Give back the whole listing exactly as written, pictures excluded.

The data:
◇ ◇ ◇

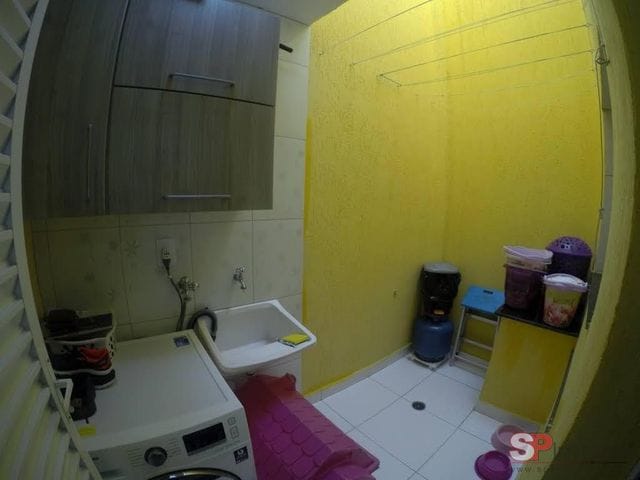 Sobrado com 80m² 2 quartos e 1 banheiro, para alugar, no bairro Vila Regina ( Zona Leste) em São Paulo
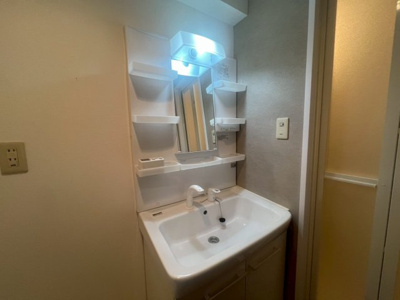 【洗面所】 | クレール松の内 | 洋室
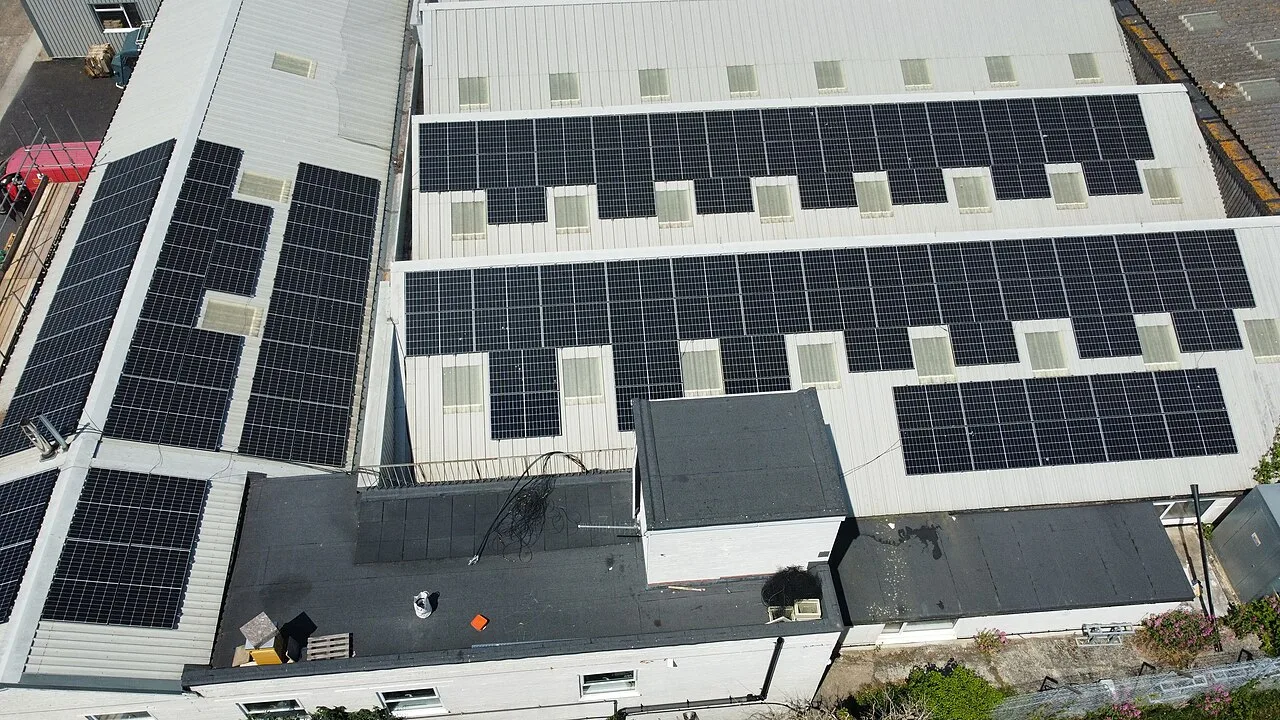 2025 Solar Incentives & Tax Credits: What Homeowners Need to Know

◇ ◇ ◇

Output for this task:
 Sobrado com 80m² 2 quartos e 1 banheiro, para alugar, no bairro Vila Regina ( Zona Leste) em São Paulo
 【洗面所】 | クレール松の内 | 洋室
 2025 Solar Incentives & Tax Credits: What Homeowners Need to Know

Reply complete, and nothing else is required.